Chereads / Fanfiction Recommendations / Chapter 109 - To the Flame by AbsentAngel (Fairy tail)

Chapter 109 - To the Flame by AbsentAngel (Fairy tail)

Summary: She stares, transfixed, as the blood runs down his fingers and begins to pool in his palm. He holds his hand up to her lips in offering, and she tears her eyes away from the blood to study his face. He is smiling softly. "Go on Luce, I didn't cut them for nothing." [Vamp AU] [NaLu]

Link: https://m.fanfiction.net/s/10715190/1/To-the-Flame

Word count:62k(COMPLETE)

Chapters:19

Chapter#1: A Prima Vista

(At First Sight)

(:)(A)(:)

She sits at the same bench, in the same park, every night.

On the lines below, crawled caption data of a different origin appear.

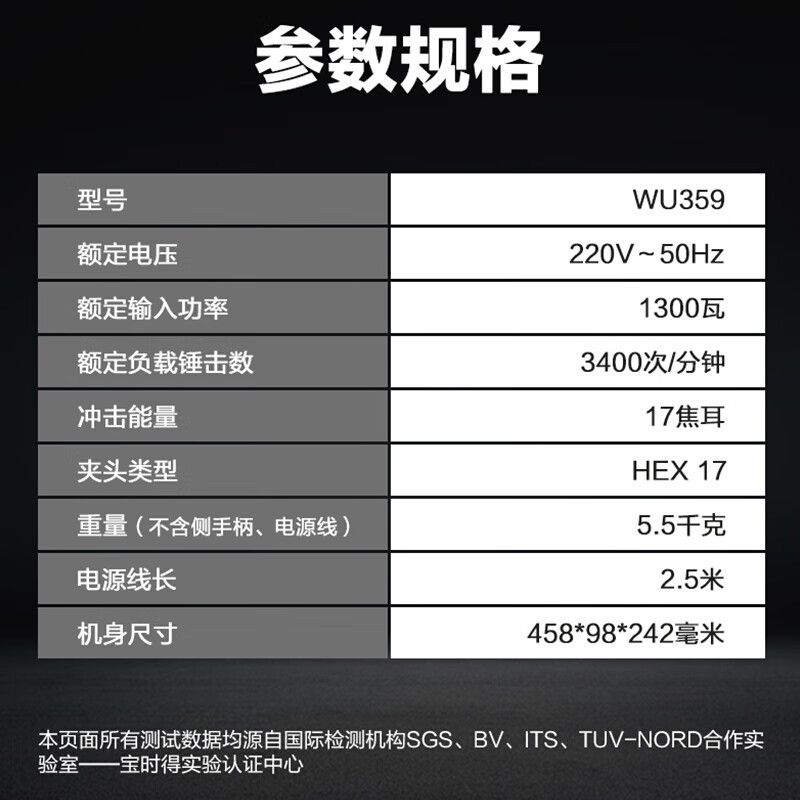 Taladro de Impacto Ligero WU359X 220V De Alta Potencia para Hormigón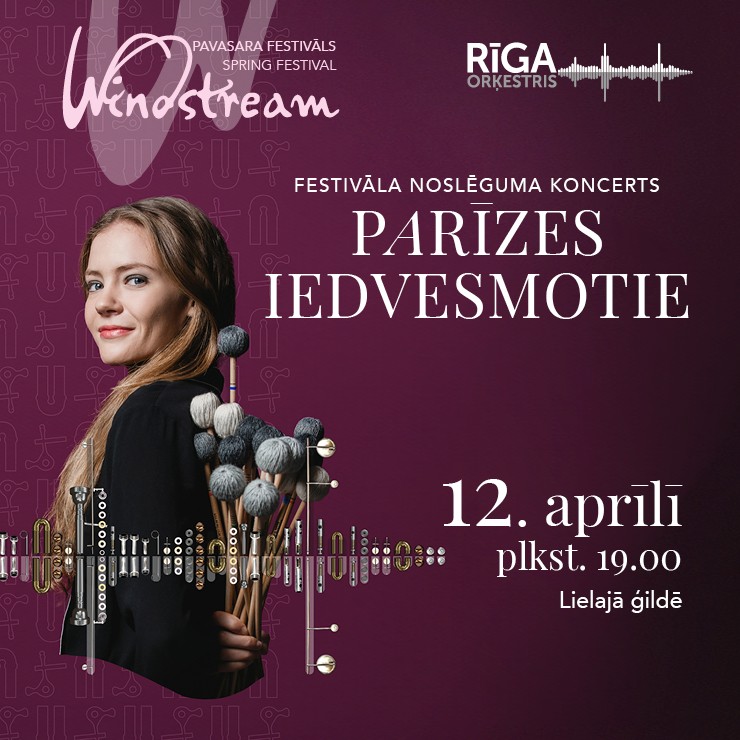 Изображение спектакля "WINDSTREAM NOSLĒGUMS / PARĪZES IEDVESMOTIE. Adelaide Ferjēra un Orķestris “Rīga”"
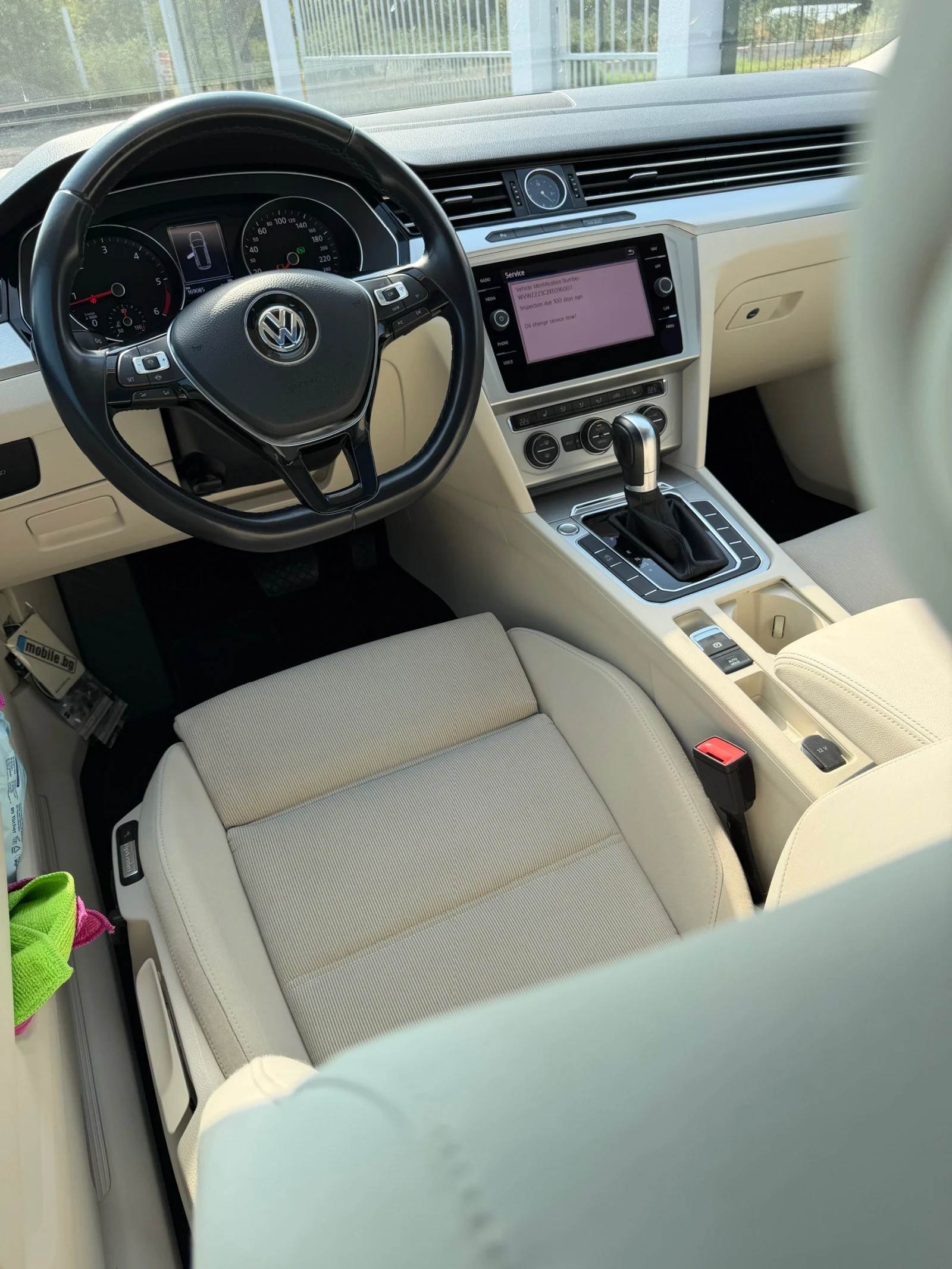 VW Passat DSG  CL   PANORAMA   ACC   LED ТОП Състояние!!!, снимка 5 - Автомобили и джипове - 55793492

Sometimes it rains, every now and then it snows, but the clear, cloudless nights are her favorite. She has made friends with the stars, has made a father out of the Moon, and she greets them all like the old friends they are. When the leaves begin to fall she admires Aquarius's beauty and Capricorn's determination. When ice begins to spider web over the earth she looks forward to basking Aries' warm smiles and Taurus's passion. In the spring, Leo winks at her and sends her budding flowers and serenades her in birdsong. She accepts it all with a smile.

She tracks time by the length and frequency of their visits. She no longer uses words like 'years' or 'weeks'. She used to make notches on the wooden slat of the bench every time Cancer visited her summer sky (he likes to remind her that she is beautiful) but while she was asleep the bench was replaced and she has since lost track. Now, instead of using visits, she measures in written pages.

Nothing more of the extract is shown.